** Opening RECORDED INFORMATION block **

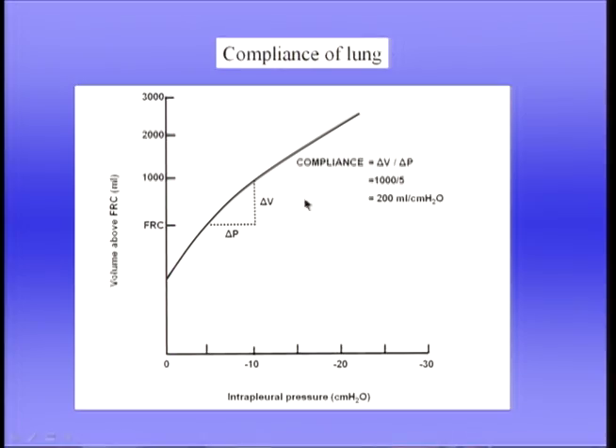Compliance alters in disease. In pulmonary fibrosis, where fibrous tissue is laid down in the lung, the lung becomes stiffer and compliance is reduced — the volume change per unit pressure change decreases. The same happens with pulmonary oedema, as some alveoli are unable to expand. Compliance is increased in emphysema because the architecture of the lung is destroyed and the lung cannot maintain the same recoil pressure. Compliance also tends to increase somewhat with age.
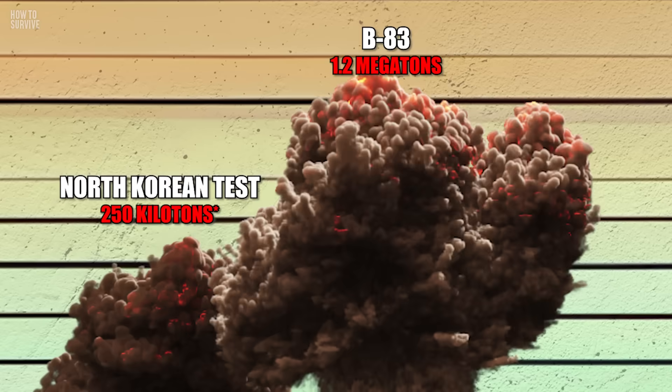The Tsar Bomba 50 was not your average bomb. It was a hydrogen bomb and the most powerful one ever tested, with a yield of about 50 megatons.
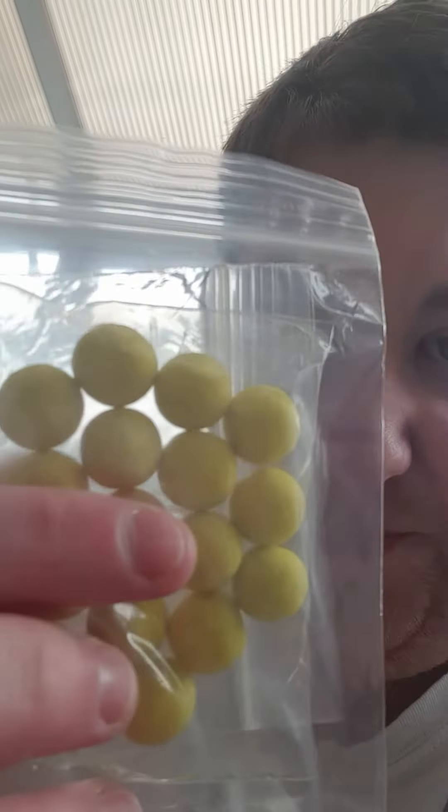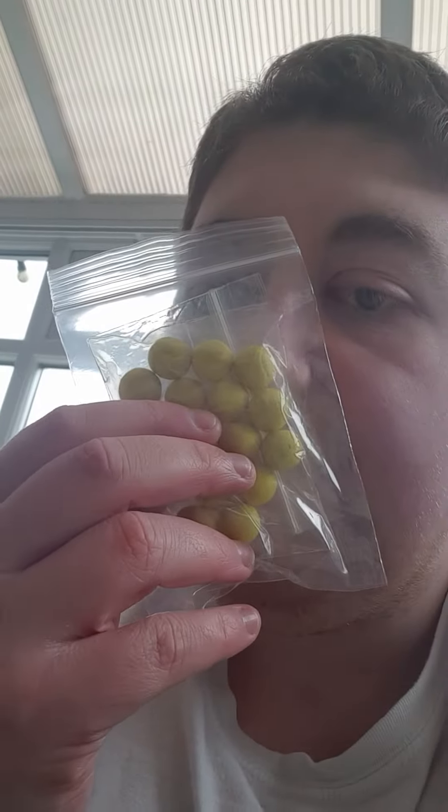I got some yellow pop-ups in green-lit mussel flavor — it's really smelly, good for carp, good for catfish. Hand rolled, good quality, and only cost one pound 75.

** Closing RECORDED INFORMATION block **
** Opening RECORDED INFORMATION block **

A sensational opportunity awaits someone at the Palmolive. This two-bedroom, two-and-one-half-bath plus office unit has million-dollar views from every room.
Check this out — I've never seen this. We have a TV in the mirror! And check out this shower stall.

** Closing RECORDED INFORMATION block **
** Opening RECORDED INFORMATION block **

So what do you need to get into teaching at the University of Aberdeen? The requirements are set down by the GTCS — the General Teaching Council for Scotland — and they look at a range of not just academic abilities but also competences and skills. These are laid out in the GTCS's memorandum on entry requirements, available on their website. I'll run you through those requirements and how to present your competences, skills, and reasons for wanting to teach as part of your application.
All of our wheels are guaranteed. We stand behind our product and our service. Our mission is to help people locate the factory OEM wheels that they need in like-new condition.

** Closing RECORDED INFORMATION block **

■ TASK ITEM
Single out each line of the records above with the string "need" in it, and copy it.

■ SOLUTION TO THIS PROBLEM
So what do you need to get into teaching at the University of Aberdeen? The requirements are set down by the GTCS — the General Teaching Council for Scotland — and they look at a range of not just academic abilities but also competences and skills. These are laid out in the GTCS's memorandum on entry requirements, available on their website. I'll run you through those requirements and how to present your competences, skills, and reasons for wanting to teach as part of your application.
All of our wheels are guaranteed. We stand behind our product and our service. Our mission is to help people locate the factory OEM wheels that they need in like-new condition.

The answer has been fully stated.